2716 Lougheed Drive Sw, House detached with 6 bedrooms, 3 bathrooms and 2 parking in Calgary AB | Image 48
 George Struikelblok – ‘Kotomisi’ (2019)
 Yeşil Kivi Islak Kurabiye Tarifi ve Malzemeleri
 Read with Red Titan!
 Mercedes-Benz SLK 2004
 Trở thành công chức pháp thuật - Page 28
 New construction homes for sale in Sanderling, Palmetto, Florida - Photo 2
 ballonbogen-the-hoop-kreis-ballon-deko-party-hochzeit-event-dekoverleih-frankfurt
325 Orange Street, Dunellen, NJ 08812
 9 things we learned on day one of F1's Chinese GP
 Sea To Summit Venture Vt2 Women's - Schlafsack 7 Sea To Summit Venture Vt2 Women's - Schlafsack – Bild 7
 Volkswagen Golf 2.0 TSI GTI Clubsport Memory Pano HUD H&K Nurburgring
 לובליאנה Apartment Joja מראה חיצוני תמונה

· · ·

WHAT TO DO: Count every line in the listing above that holds "with", then report only the count.

WRITTEN REPLY: 2